The flying disc sport known as “ultimate” moves quickly. Players sprint across open fields, the disc gliding between outstretched hands as teammates call for passes and defenders scramble to keep up. But for physics teacher and avid ultimate player Matthew Bonges, the most satisfying moments are not the clutch-ups or the points scored.
“ I enjoy the most seeing everyone working together in a way that just flows on the field,” Mr. Bonges said.
While Mr. Bonges no longer competes regularly after stepping away from Chicago ultimate leagues to focus on family life, ultimate remains a defining part of how he thinks about teamwork and community both on the field and in the classroom.
Mr. Bonges first started playing during his senior year of high school before joining the men’s ultimate club team at the University of Illinois Urbana-Champaign in the early 2000s, where he continued playing throughout college and graduate school until 2008. His team eventually advanced to the quarterfinals at college nationals, one of the highlights in his years of competing.
But what stayed with him went beyond just winning games.
“ I thought it was so fun to play in terms of how it’s structured,” Mr. Bonges said. “It’s very free-flowing.”
That reliance on trust and cooperation is built directly into ultimate’s culture. Unlike most organized sports, the game is self-officiated: players call their own fouls and settle disagreements without referees.

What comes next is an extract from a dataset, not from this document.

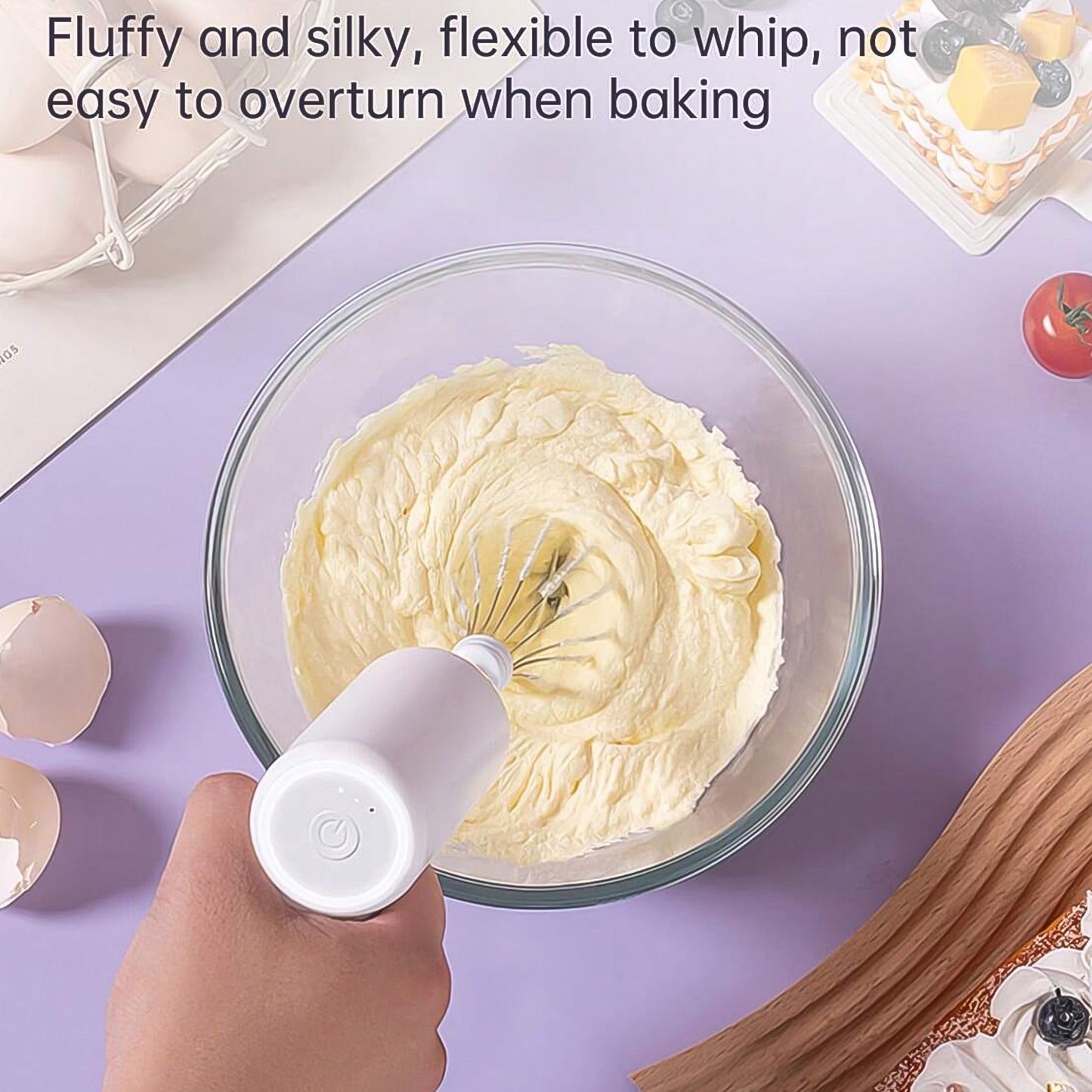 2813 Wireless Hand Mixer Charging Handheld 2pc Portable Whisk Mini High Power Beater Baking Hand Held Mixer Portable Kitchen Blender.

“There is something like a ‘spirit of the game’ that you try and hold everyone to,” Mr. Bonges said. “That idea of, like, fair play and treating others well, I think is applicable in any context even outside of ultimate Frisbee.”
The sport’s emphasis on honesty and respect has influenced the way he approaches teaching as well.
“Instilling in students that everyone is trying their best to follow the rules and be fair to others,” Mr. Bonges said.
Those lessons occasionally appear in his lessons more directly as well.
“I do bring it up sometimes when we get into our rotations and torque,” he said, explaining the occasional parallels he draws between physics concepts and ultimate. “But I am careful to try and make sure my students have a parallel to something that they are familiar with.”
From his brief period of time teaching at an American school in Costa Rica to teaching at Homewood-Flossmoor High School in Chicago’s south suburbs, Mr. Bonges has tried to introduce students to the sport by organizing teams or connecting students with local ultimate communities. He hopes to eventually do the same at U-High.
For Mr. Bonges, the appeal of ultimate has not only been the competition itself, but the moments when an entire team moves together with trust and purpose.
Mr. Bonges said, “Everyone gets involved. You really have to work together. No one person can do everything.”